Getting rid of voles, mice, and rodents in your vegetable garden.
Everyone eats, including the varmints.
I keep a wealth of mouse traps on hand. Once the appearance of rodents shows up I set out traps. They are easy, effective, and “clean” in the way they kill the pests but not the environment. Before you decide to use poison, think about why you have a garden, to eat clean food without poison, so why would you use poison at all? Using poisoned pellets to eliminate mice will work itself up the food chain. Birds of prey, fox, and house cats might get poisoned by eating a creature that just consumed poison.
After some experience, I found to bait the traps with whatever the varmint was feasting on: A piece of beet, potato, or carrot lodged into a traditional mouse trap works. Peanut butter works, pumpkin seeds work, as does the green goo you can buy in a tube. Use gloves and clean the used trap of lingering dead mouse remnants.
Set a lot of traps. If you found the vole hole, place three traps around the hole and put a small box on top. If you don’t cover the traps you may get an unsuspecting song bird.
Check the traps the next day. Keep repeating this until the rodents are cleared, but set every few weeks, or at first sight of damage.

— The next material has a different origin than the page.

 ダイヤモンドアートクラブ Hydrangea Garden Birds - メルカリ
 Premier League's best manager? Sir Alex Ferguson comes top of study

Leave the carcasses on an exposed stump for the local hawks, owls, foxes, and bobcats. Attract these predators into your area and you will need to set fewer traps.
Unfortunately, the beets got ravished by voles and mice. Once the row cover was in place the varmints got the best of my beets. Every sizable beet had a bite taken from it. I should have known better cause the beets were put in after the potatoes and the rodents attacked the tubers leaving us with half the crop destroyed. I set the traps too late but was rewarded by a good hunt.

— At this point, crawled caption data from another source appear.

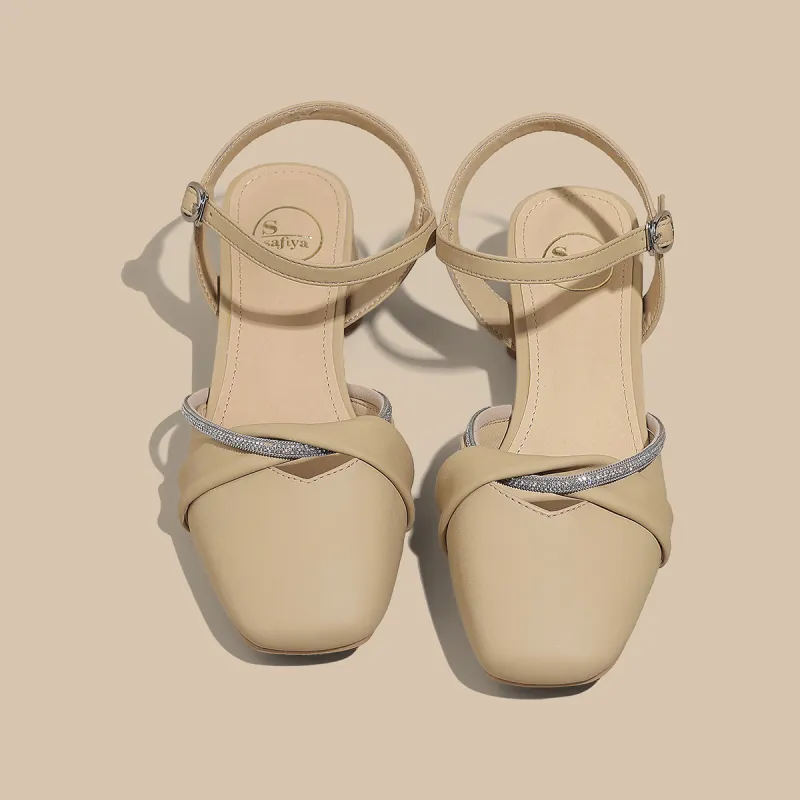 Safiya One Strap Sandals Women's-7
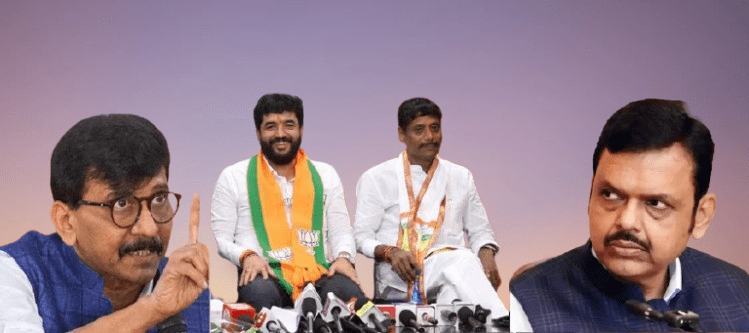 पुण्यातला संघर्ष मोहोळ विरुद्ध धंगेकर नसून भाजपमधील एक गट विरुद्ध मोहोळ असा- संजय राऊत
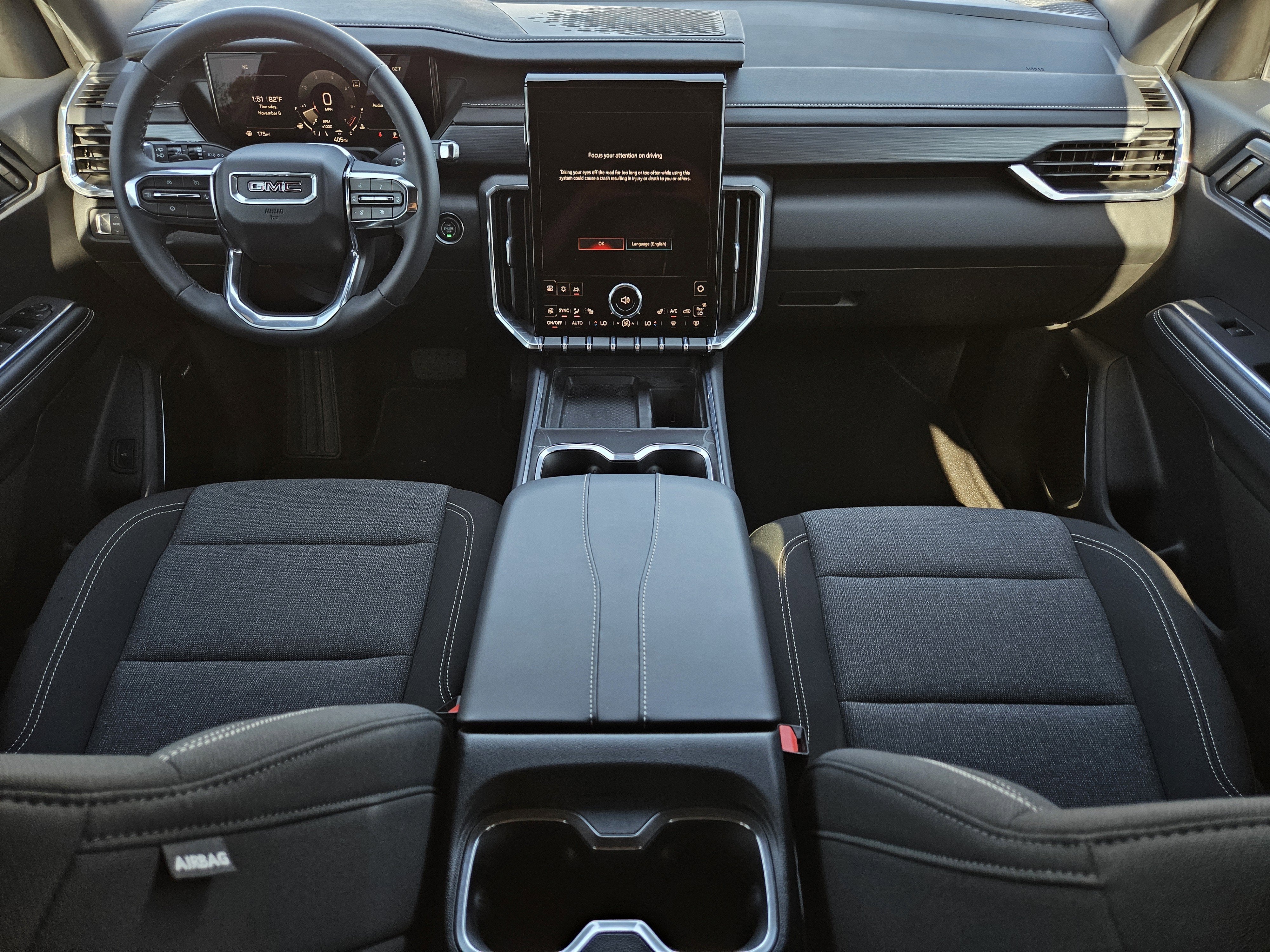 2025 GMC Acadia Elevation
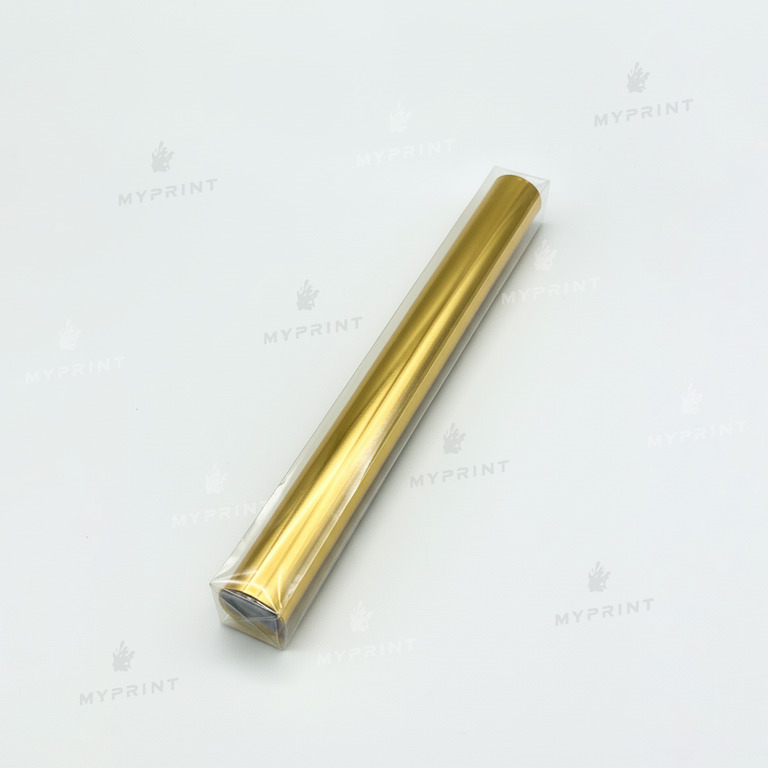 Foil for laminator (toner-sensitive) My Print Gold Foil, roll 0.32*10 m (11589)  Foil for laminator (toner-sensitive) My Print Gold Foil, roll 0.32*10 m (11589)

My mistake was not paying attention late in the season. Once the row cover was on the beets, the rodents had protection from neighborhood hawks and owls. I did eventually set traps, but too late to harvest beets. Almost every beet had a rodent bite and there was a nice vole hole in the middle of the patch.
The best way to trap mice and voles.
Get a cat!
The second best way to control rodents.
Set a variety of sizes and styles of snap traps. Bait the traps with whatever the varmints are eating. Here I used pieces of beet, forced into the bait holder in a way that the rodent would need to tug at it to remove it from the trap. I set three traps around the hole, facing the hole. In the above photo, the beets were under a row cover. Ordinarily, when a hole appears, I will set the traps around the hole and use a small box to cover the hole and the three traps.
Protection from deer
The bottom of the young trees should be wrapped with hardware cloth to prevent rodents and rabbits from eating the trunk.
Young apple, fruit, and nut trees need to be wrapped in fencing, burlap, or bird netting. Deer will nibble away and can kill young trees. Plastice bird netting works well, but anything sticking out will be “pruned”
At the end of the season, I leave what’s left of the broccoli and brassicas to the deer. They love leftovers.